## Task directions
For any picture in the lines below, please leave it out and copy the rest exactly.

## Material provided
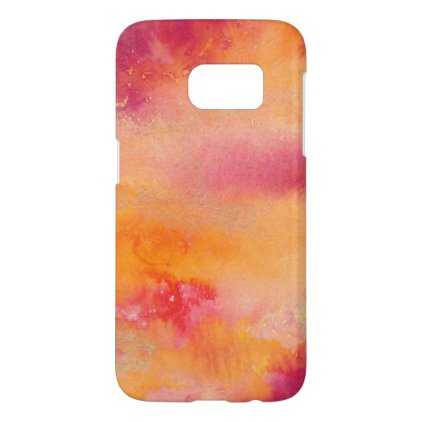 Touched by Fire Watercolour Samsung Galaxy S7 Case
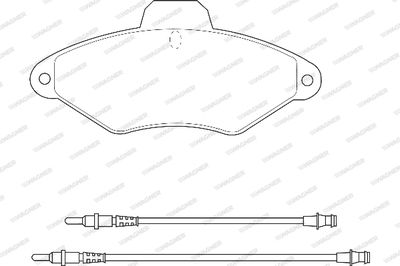 WBP21631A WAGNER Комплект тормозных колодок, дисковый тормоз
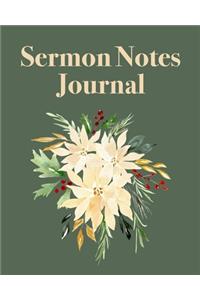 Sermon Notes Journal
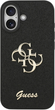 Панель Guess Fixed Glitter Big 4G для Apple iPhone 17 Black (GUHCP17SHG4SGK) - зображення 1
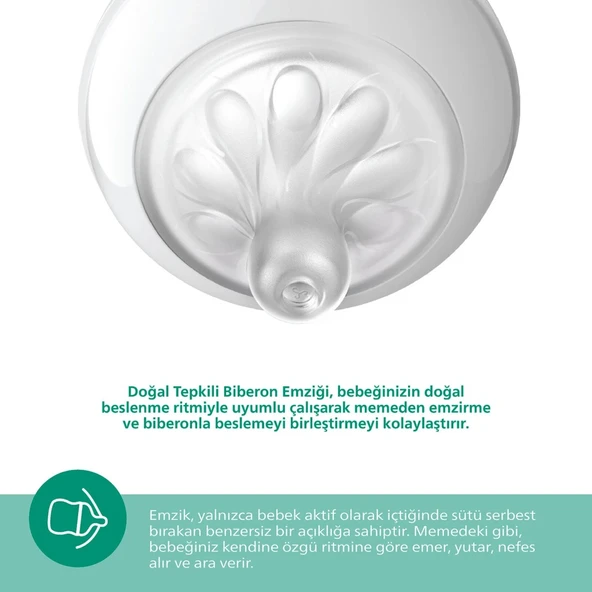 Doğal Tepkili Natural Response Cam Biberon 120 ml 0+ Ay ürün görseli 1
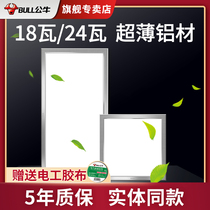 Bull integrated ceiling led ceiling lamp embedded aluminum gusset plate kitchen toilet toilet flat ceiling waterproof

## Task response
 Touched by Fire Watercolour Samsung Galaxy S7 Case
 WBP21631A WAGNER Комплект тормозных колодок, дисковый тормоз
 Sermon Notes Journal
 Панель Guess Fixed Glitter Big 4G для Apple iPhone 17 Black (GUHCP17SHG4SGK) - зображення 1
 Doğal Tepkili Natural Response Cam Biberon 120 ml 0+ Ay ürün görseli 1
 Bull integrated ceiling led ceiling lamp embedded aluminum gusset plate kitchen toilet toilet flat ceiling waterproof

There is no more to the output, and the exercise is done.